Story via Barron’s

By Reshma Kapadia

The financial services industry has been talking a lot about diversity and inequality, but two new reports show that the industry continues to fall short when working with women, exacerbating a persistent gender gap in retirement savings.

Past research has shown women are less involved than men in longer-term financial decisions and hold less retirement wealth—in part due to the gender wage gap and taking time out for caregiving—to fund longer life expectancies than men. But the industry, which is still 80% male, also has played a role.

In a report out this week from New York Life Investments, only 51% of advisors viewed married female breadwinners as the primary decision maker. Further complicating the situation: While more than half of the married female breadwinners said they are in charge of investing, only 8% of spouses had the same view.

This disconnect shows up in other ways and amounts to more than spousal disharmony. The industry is still struggling with stereotypes and unconscious bias that could hurt its prospects, especially as younger women take more control of their financial lives, become less tolerant of biases in the industry and are demanding more, according to a report released Wednesday Merrill Lynch Wealth Management.

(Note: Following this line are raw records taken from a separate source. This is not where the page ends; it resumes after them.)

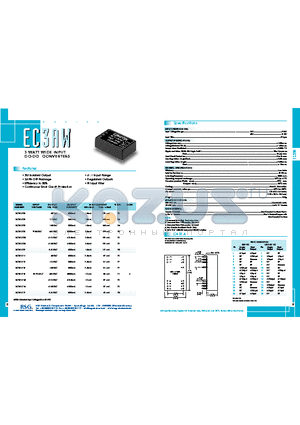 EC3AW06 datasheet - 3 WATT WIDE INPUT DC-DC CONVERTERS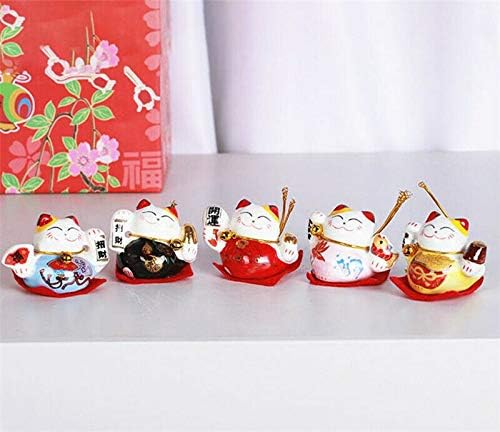 Jeli set 5 japanske keramike Maneki Neko Lucky CAT figurice mašući uspravno bogatstvo mačke figurice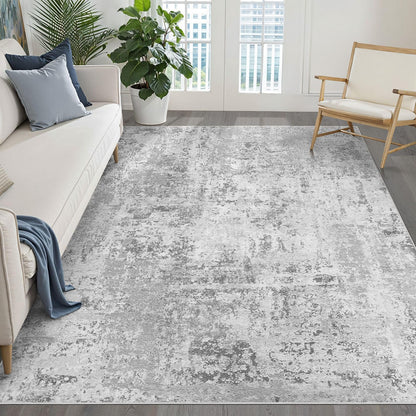 LOONGRUG 8x10 Area Rugs Washable Neutral Modern Rug for Living Room Brown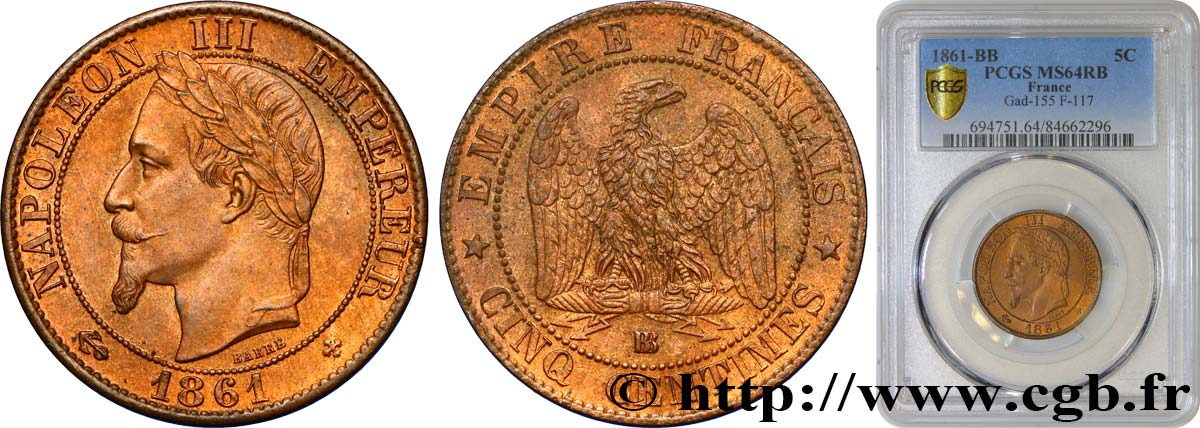 Cinq centimes Napoléon III, tête laurée 1861 Strasbourg F.117/3 SPL64 PCGS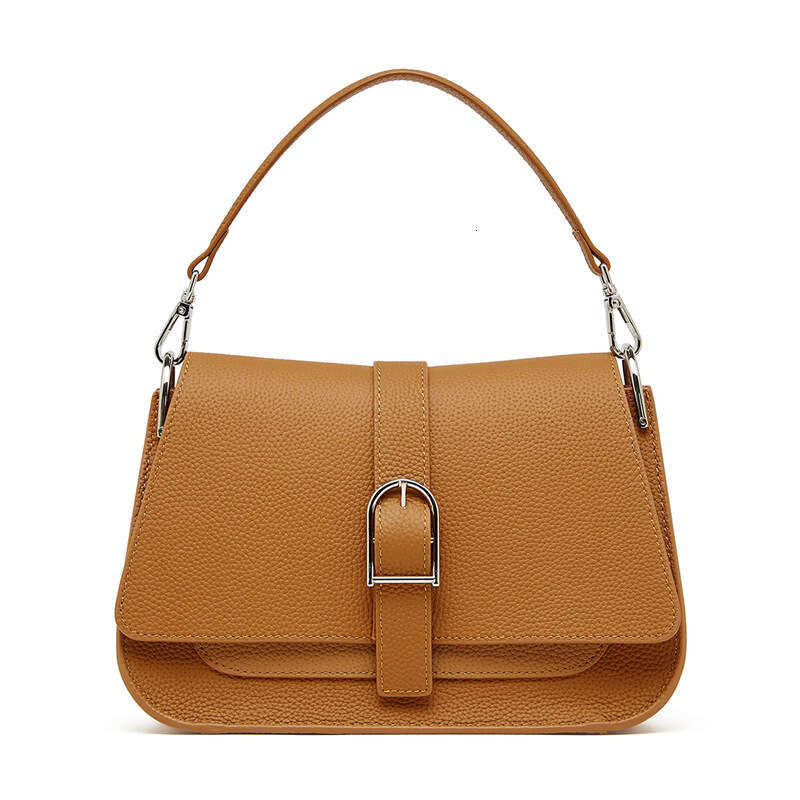 Luxury bag New Genuine Leather Women s Mom Ladies Commuter Simple Handbag Crossbody Saddle Bag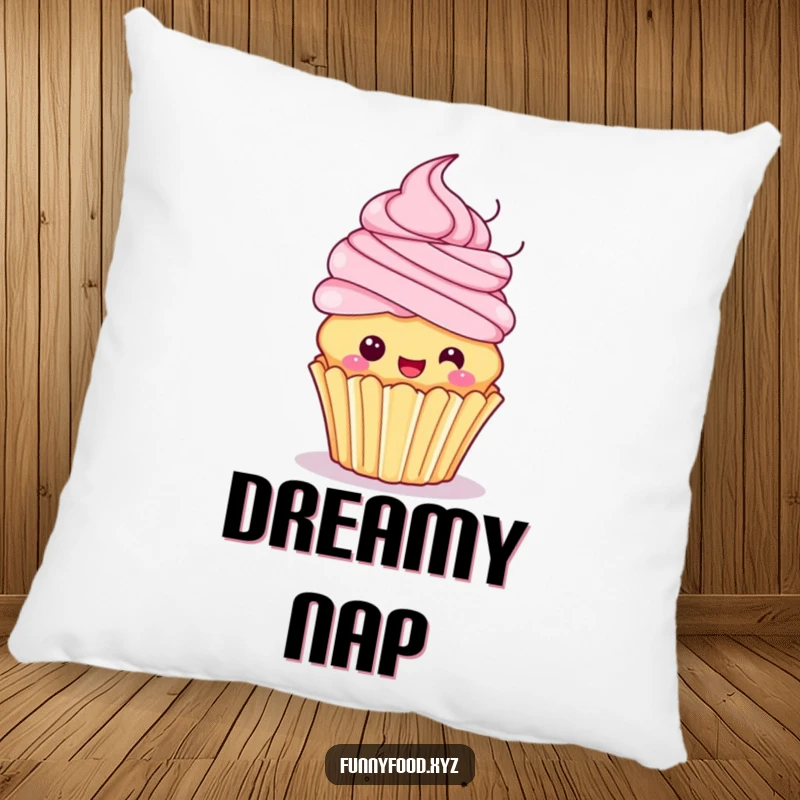 Funny pillow featuring a playful cupcake with swirly frosting hair, excitedly spinning, perfect for adding a cozy and humorous touch.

Younger women under the age of 45 who work with advisors are twice as likely than older married women to be a financial decision maker in their family, four and half times as likely as women over 55 to consider themselves knowledgeable about financial products and services and three times as comfortable making decisions on their own, according to Merrill’s research.

But the industry had not yet adjusted to the changing realities. Reviewing analysis that tracks eye movement, Merrill found advisors focus over 60% of their time on the man in meetings with a heterosexual couple.

Merrill also found miscues in live simulations between investors and advisors that included assuming the man was the financial decision maker, viewing women as more risk averse, and concluding a couple’s finances were merged and jointly invested.

“Unconscious bias and gender bias exists, and being able to be transparent about that as a firm and industry is only going to make faster progress,” Lindsay Hans, Merrill Lynch Wealth Management Division Executive.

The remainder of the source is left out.